Frontend is React + TypeScript + Vite + Tailwind with Zustand for state management and Recharts for data visualization. Backend is FastAPI deployed as serverless functions on Vercel. Each pipeline stage is its own API endpoint so no single call exceeds Vercel's timeout limits, and the frontend orchestrates the full flow with progressive loading states.

Challenges I ran into

Nova 2 Lite sometimes ignores forced tool use and returns raw markdown instead of the structured JSON I need. I had to build aggressive fallback parsers with regex extraction for every single agent call, plus retry loops with exponential backoff.

Rate limiting was a real problem when firing 100 parallel persona simulations. I built an async token bucket rate limiter to stay within Bedrock's throughput limits without killing performance.

LLM sentiment hallucination was another big one. Some personas would return sentiment scores on a 1-10 scale instead of the -1.0 to 1.0 range I specified. I added a normalization layer in the metrics pipeline that detects and squishes out-of-range scores automatically.

The hardest challenge was debiasing. Without careful prompt engineering, every persona had a strong opinion about every change. Real markets have large neutral/indifferent populations. I had to explicitly permit indifference in the simulation prompt and separate archetype generation from scenario awareness so the population isn't over-indexed on the thing being tested.

Accomplishments that I'm proud of

I validated Oracus against Netflix's 2023 password-sharing crackdown, a well-documented real decision with known outcomes. Oracus correctly predicted the polarized reaction structure: solo subscribers would be indifferent while sharing households would react strongly negative. It also correctly identified that the financially important segments would be unaffected. That's the exact insight that justified Netflix's decision to proceed.
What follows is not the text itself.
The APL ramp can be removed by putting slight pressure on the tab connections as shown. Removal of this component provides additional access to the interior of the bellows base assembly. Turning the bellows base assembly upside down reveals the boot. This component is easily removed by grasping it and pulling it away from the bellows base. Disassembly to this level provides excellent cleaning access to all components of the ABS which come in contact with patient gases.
The "hard math first, LLM interpretation second" architecture is something I'm really proud of. The LLM never calculates a single percentage. All 14 market indicators are computed deterministically, and the LLM only interprets pre-computed metrics. This makes the system mathematically reproducible, which is rare for an AI-heavy product.

The whole pipeline runs 100 personas in about 2 minutes for under $0.10 on AWS. That cost efficiency is what makes the iterative simulation loop practical.

What I learned

Multi-agent architectures need way more error handling than you'd expect. When you have six agents in a pipeline and any one of them can return malformed output, you need fallback parsing, retries, and validation at every single boundary.
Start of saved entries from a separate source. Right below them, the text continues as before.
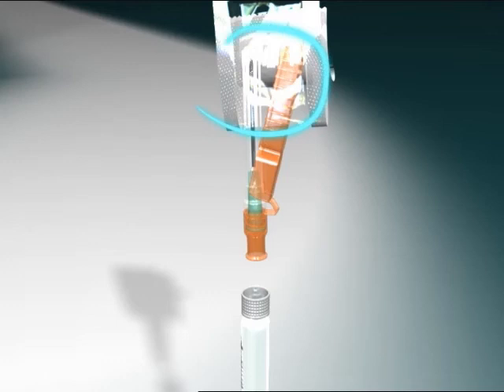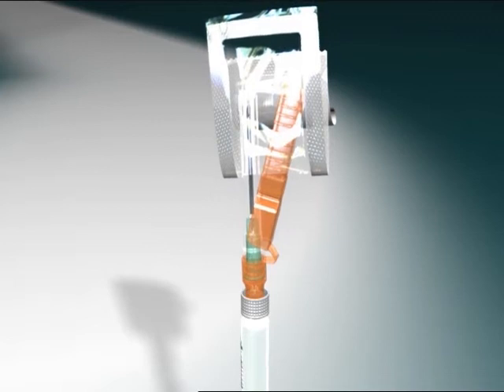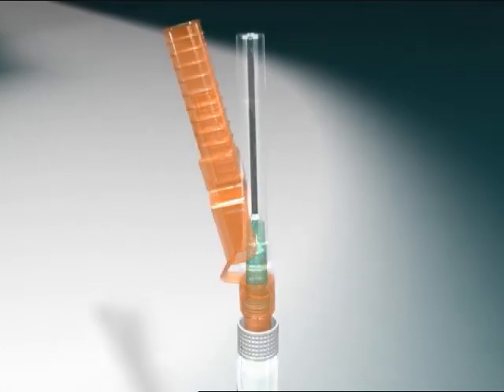Grasp the transparent needle sheath using the plastic peel pouch. To prevent contamination, be careful not to touch the Orange NeedlePro safety device's lure connector. While holding the white collar on the syringe, attach the lure connection of the Orange NeedlePro safety device to the syringe with an easy clockwise twisting motion. Then grasp the transparent needle sheath and seat the needle firmly on the Orange NeedlePro safety device with a push and a clockwise twist.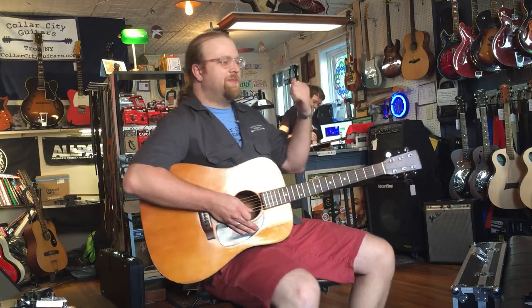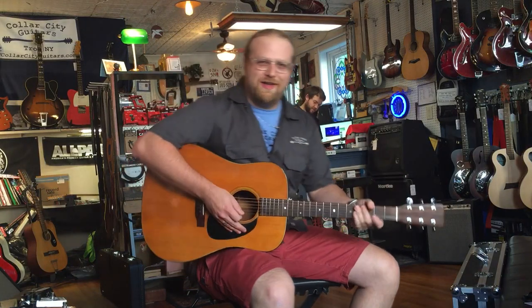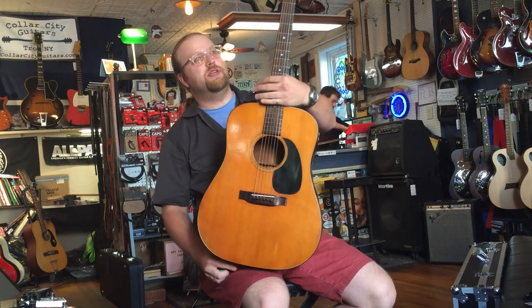Hey everybody, Peter here at Collar City Guitars. That's John back there. Hello. And this right here is a 1970 Martin D18.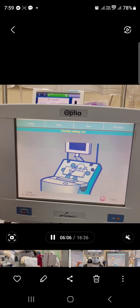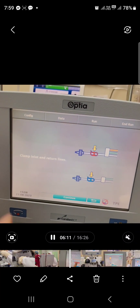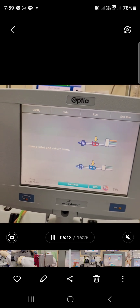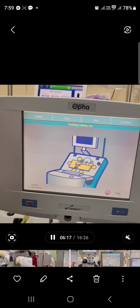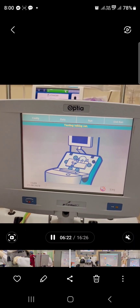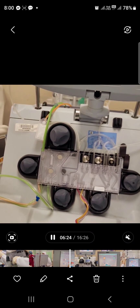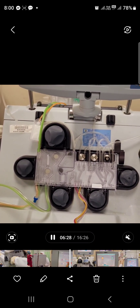The machine is now testing the tubing set. It is instructing to clamp the inlet line — clamp both red and yellow, then blue and red. Press continue. The machine is really testing the tubings to ensure that all tubings are set up correctly.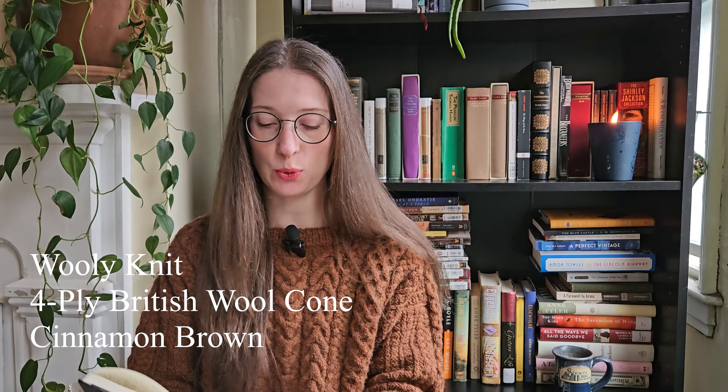My first finished object is what I'm wearing right now. This is the Nakraga sweater by Alice Starmore. It was knit in Woolly Knit four-ply British wool cone. The color is cinnamon brown. It is 100% British wool. It is a fingering weight, but I held it double to make it a DK to match the gauge for the sweater. The needles I used were US 4 or 3.5 millimeters for the ribbing, and US 6 or 4.0 millimeters for the body and the arms. I did the second size. The only modification I did was the ribbing on the sleeves, body, and collar — I did a 1x1 rib instead of what the pattern called for, which was a bit of a cable pattern. I just preferred to have the regular 1x1 rib.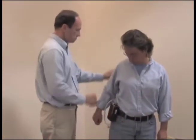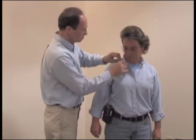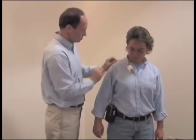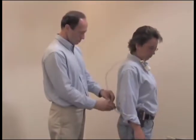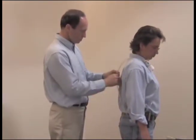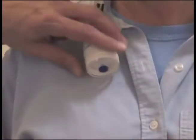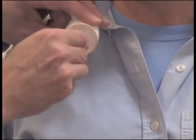Attach the pump to the worker's belt or pocket, either in back or on the side. Bring the tubing around to the front. Attach the sample to the shirt collar in the breathing zone. Use the collar clip to attach the tubing in place along the shirt to restrict its movement. Remove the nib from the inlet side of the filter cassette.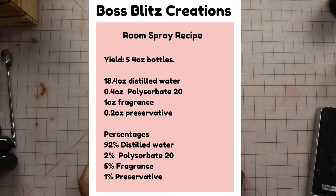Hey y'all, Alyssa here from The Boss Blitz, and today we're going to be making room sprays.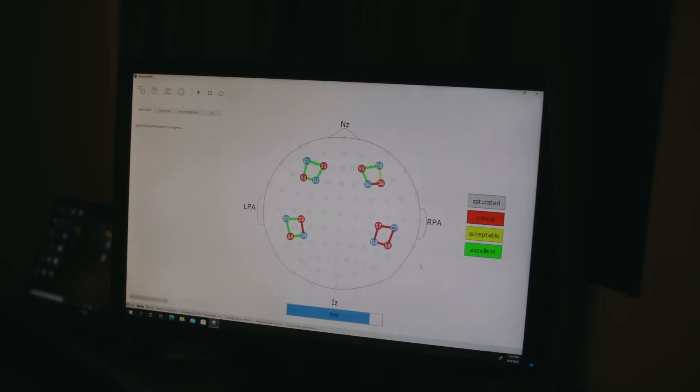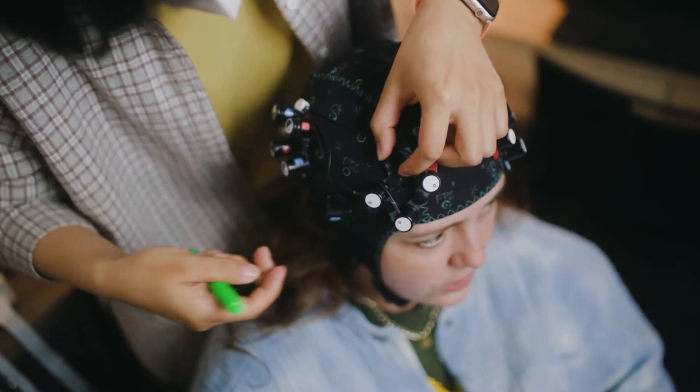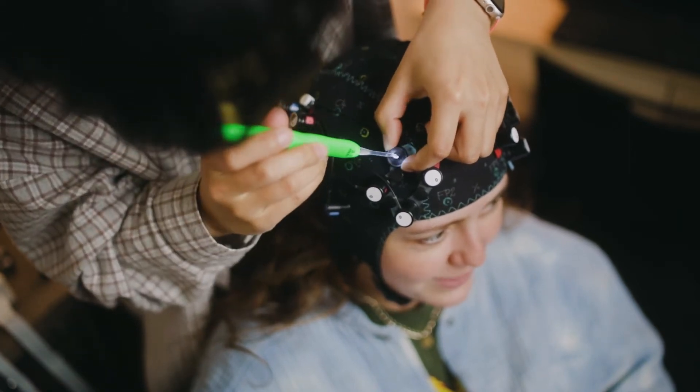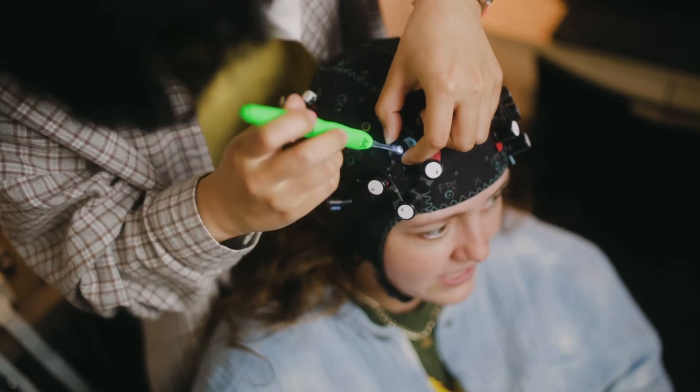If there are any acceptable or critical signals, Ying will adjust them on the cap and then rerun signal optimization to see if the signal is fixed. The channels that are red are in critical signal — no signal at all. Yellow is acceptable signal, but we would like excellent green signal.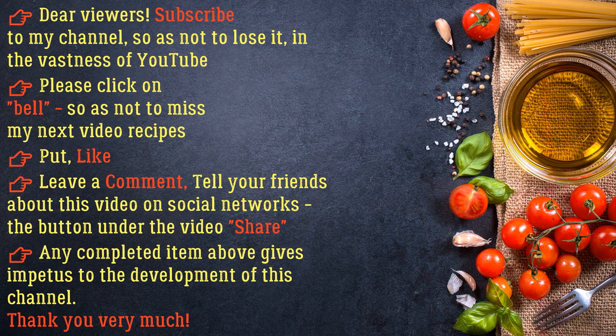Share this video on social networks using the button below the video. Any support gives impetus to the development of this channel. Thank you very much.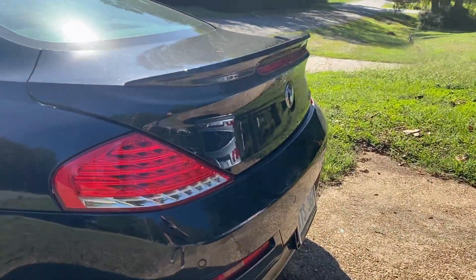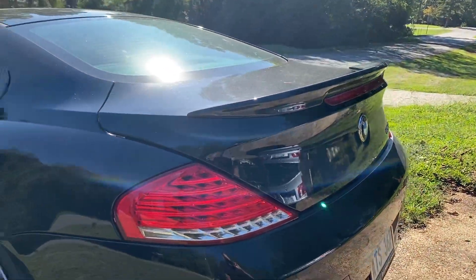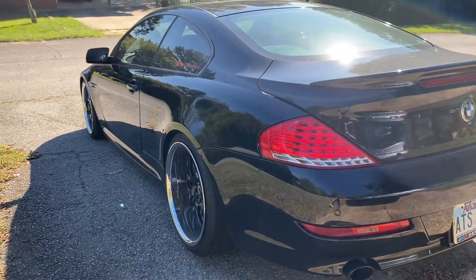And yeah, just also put in that carbon fiber rear spoiler. Looking good, looking good. Thank you guys for watching.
I also learned that the most effective way to use LLMs in analytics is to NOT let them do the analytics. Compute everything you can deterministically, then hand the LLM a package of pre-computed facts and ask it to interpret. The outputs are dramatically more trustworthy.

Prompt engineering for persona simulation is its own discipline. Small wording changes in the system prompt (like adding "you are allowed to feel indifferent") completely change the distribution of outputs across 100 personas.

What's next for Oracus AI

Historical simulation tracking so you can see how predictions evolve across multiple runs. Integration with real analytics platforms to validate Oracus predictions against actual post-launch data. Custom persona templates for specific industries. PDF export for shareable executive summaries. And the big one: competitive scenario testing, where you simulate how a competitor's customers would react to YOUR moves.